Doxygen also differs. Havent looked into detail into that.

hid.mk

Lufa:
.PHONY: hid hid-ee teensy teensy-ee

DMBS:
.PHONY: $(DMBS_BUILD_TARGETS)

source.mk is not available (sure thing).

Beside the Phony of build/gcc.mk I just want to post a picture. I think the default compiler flags differ. (Thatswhy my code compiled with bigger size under DMBS. The reason was the missing -fno-jump-tables). screenshot from 2016-04-02 09 43 13

I do not know what the thing about the PHONY. But those other changes should be considered to be equal between those two build systems.

abcminiuser commented 8 years ago

Ah hell, time keeps getting away from me - I've still got all your issues to sit down and look at, plus a billion emails that are starting to fester.

I need to pull the trigger on this; I want DMBS in LUFA to ease the parallel development burden. I'm going a source-dump route rather than submodule route as people seem to have trouble with submodules -- if in the future GitHub adds an option to download archives with the submodules expanded I'll switch over, but for now to ease support I'll just manually upgrade it as-needed.

The documentation issue is still up in the air. Right now I'm leaning towards markdown docs in DMBS for all the modules, which I can then render as a PDF or HTML for inclusion in LUFA.

Re: the differences you spotted: 1) The ATPROGRAM_PROGRAMMER default should be carried over to DMBS. It's the latest programmer from Atmel, so I'd like it to be the default.

2) The DMBS debug output target should have been in the LUFA build system, but I forgot. It's literally just a debug target for my own use however, so its omission isn't a real issue.

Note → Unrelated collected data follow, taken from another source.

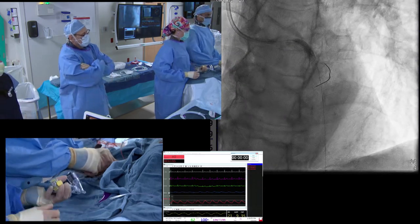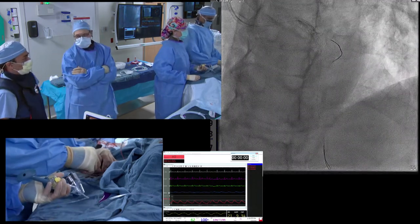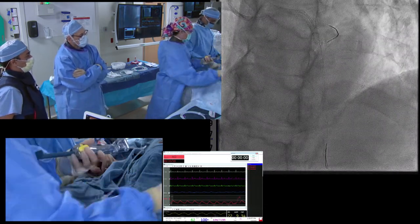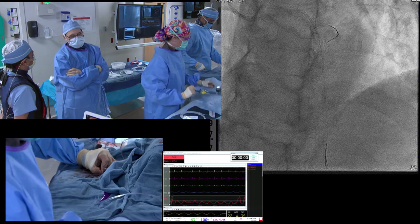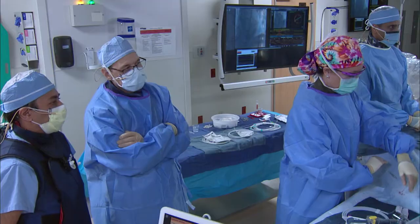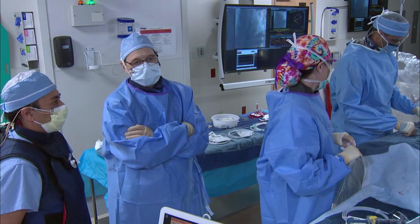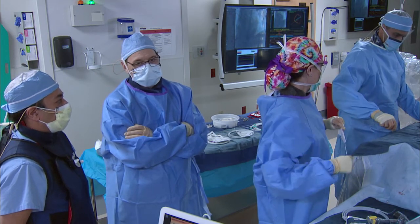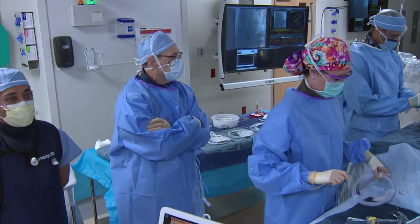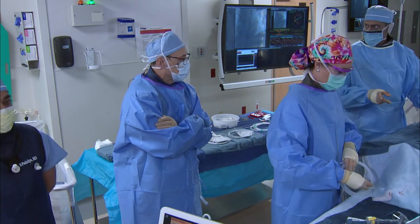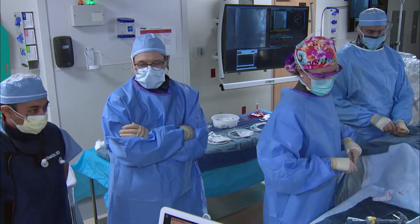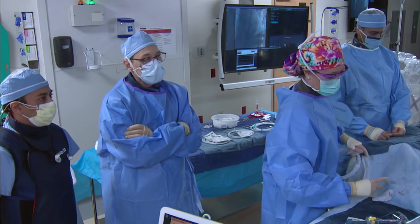The interesting thing about this case is lumen-to-lumen measurement versus media-to-media. Dr. Bezerra prefers lumen-to-lumen — if there's eccentric plaque and you over-dilate a little, you'll end up with a dissection. That strategy may lead to one or two more balloons, maybe one extra OCT run, but may be safer. The information you get from OCT allows what I'd call absolute precision PCI.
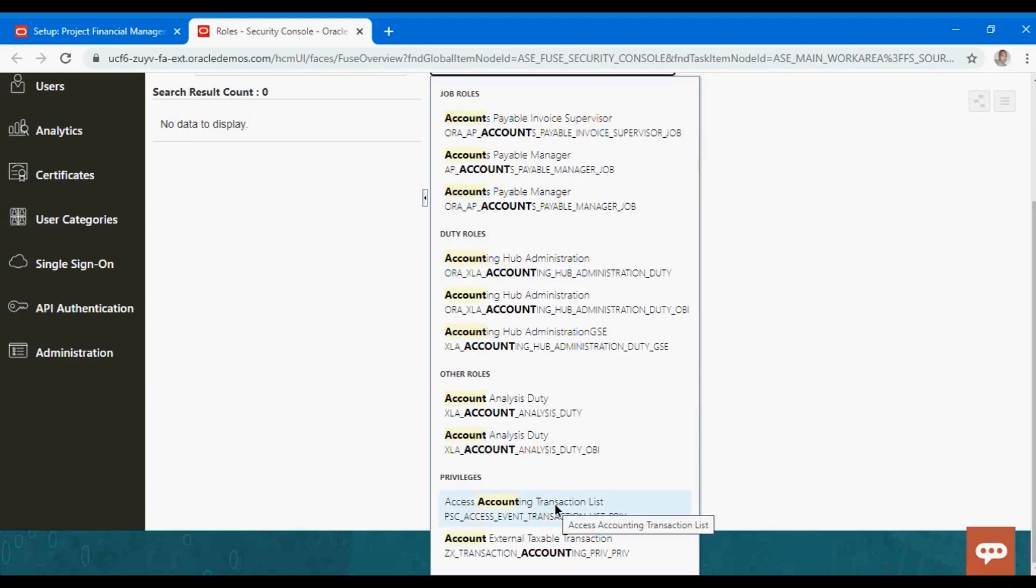The data role is more of the context setting - as an accounts payable clerk, what is the data that you should be having access to? The data role sets that up. Privileges are those functions that roll up into the job role and the duty role, which give you access to those functions and menus.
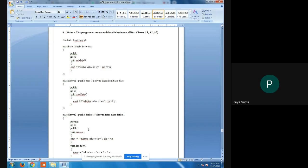The first base class has variable int X. Since we want data from the user, I have made a function get_data to input the value of X from the user. The base class is closed here.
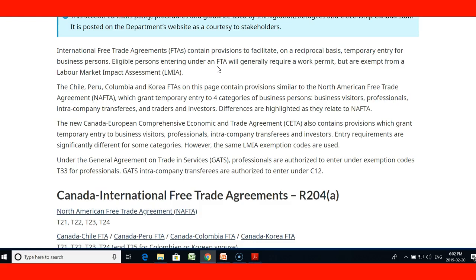Under the General Agreement on Trade and Services, GATS, professionals are authorized to enter under extension code T-33, and intra-company transferees are authorized under C-12. These are the codes used for those categories of professionals under this agreement.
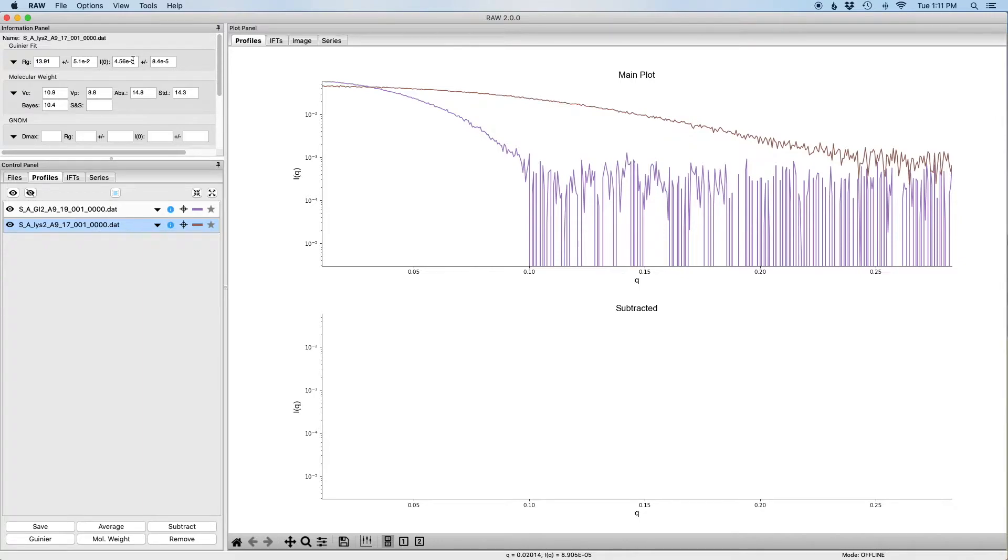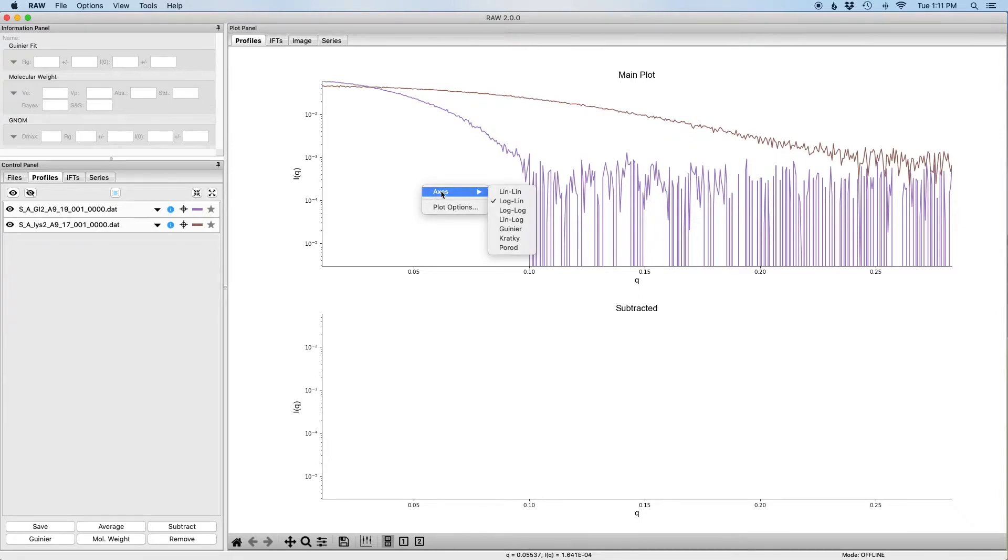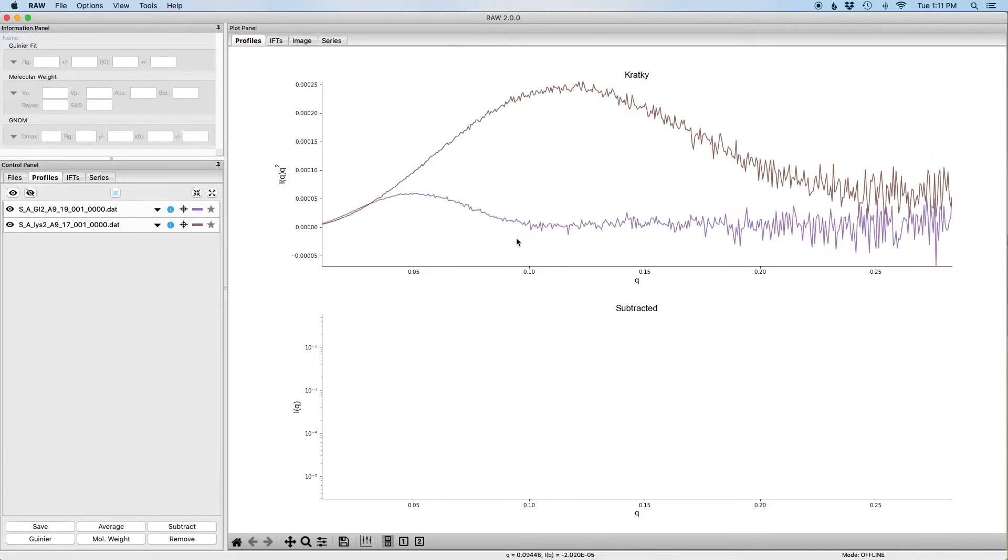If we click on the lysozyme data set, we can see it also has Guinier analysis shown here. So the first thing we're going to do is we're going to put these scattering profiles on what is called the Kratky plot. So if I right-click on the main plot, the top plot here, I pull up a menu and I can select the axes and I can select Kratky.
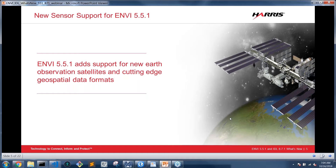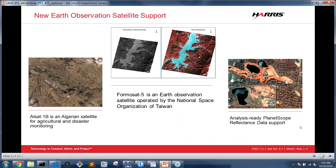A big piece of every release, especially with ENVI, is new sensor support. In ENVI 5.5.1, there are a number of new file formats added. A quick side note: 5.5.1 is a point release that actually has enough new features to be numbered at a 5.6 level, but we kept it at 5.5.1 so you avoid needing a new license entitlement. If you've been running ENVI 5.5, when you download this new release you won't need a new license — it'll just work after download and install.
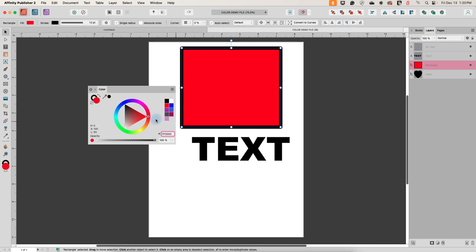Over here we just have some swatches — recently used colors that are saved. Sometimes I see these, sometimes I don't, and I honestly haven't figured out exactly how to make them appear; sometimes they're just there.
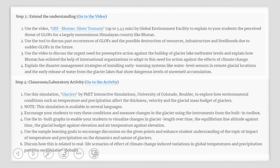There is a classroom or lab activity that you can now use for your students — this is optional — but this simulation titled Glaciers is produced by PhET Interactive Simulations at the University of Colorado. This allows your students to explore how environmental conditions such as temperature and precipitation affect the thickness, velocity and glacial mass budget of glaciers. You can encourage your students to vary all of these conditions in the glacier using the instruments from the built-in toolbox of this particular simulation. There are built-in graphs which will allow your students to visualize changes in glacial length over time, the equilibrium line altitude against balance time, the glacial budget against elevation, and air temperature against elevation.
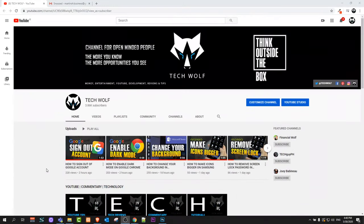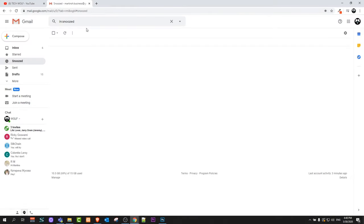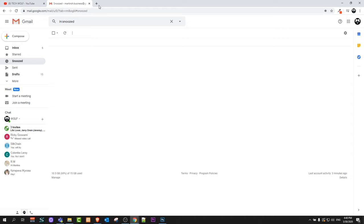Welcome to TechWolf. In this video I'm going to show you how to delete your Gmail profile picture. As you can see, currently here in the right top corner I have this picture, and if I wanted to delete it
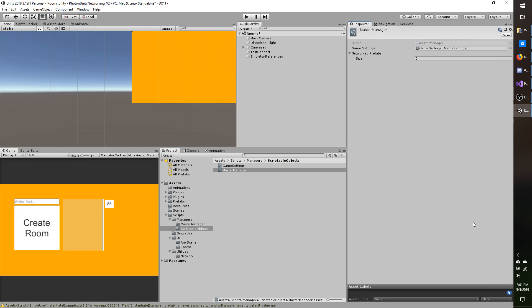In the last video I showed you how to instantiate objects over the network, as well as automatically populate their path within the resources folder so that you don't have to worry about changing the strings around when they change. I also recommended that you make a script that does this on build so you don't have to worry about hitting play mode after every change to your prefabs, their location, or whatever it may be. That's what this video is for.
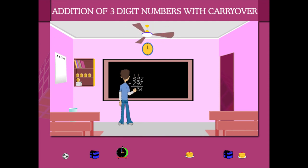He now adds the hundreds to get the answer. Remember, carryovers are added to the tens and hundreds to get the answer.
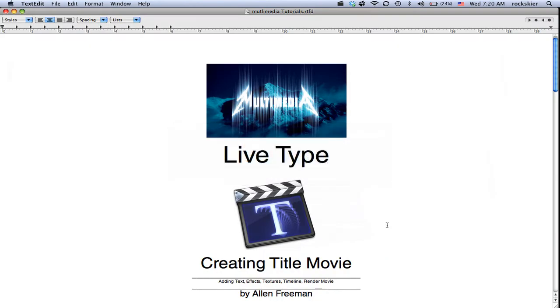I'm going to show you how to use LiveType, just some basics in creating a movie.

3) The minor differences in the GCC build modules are mostly just me tidying up the logic in DMBS, but the missing jump table makes bootloaders unstable under certain versions of avr-gcc. I'll add that.

4) All the .PHONY differences are fine, the DMBS version is better. The .PHONY directive lists certain targets as "magic" to make, so that it doesn't ignore them if a file exists with the same name. For example, without a .PHONY gcc directive, make would get confused if you had a file in your build directory called gcc. The DMBS way of re-using the module targets variable makes this cleaner and more maintainable than the older LUFA way of repeating the targets.

abcminiuser commented 8 years ago

@NicoHood: I've made a PR with the proposed changes; when you have a moment I'd love another set of eyes over it before merge.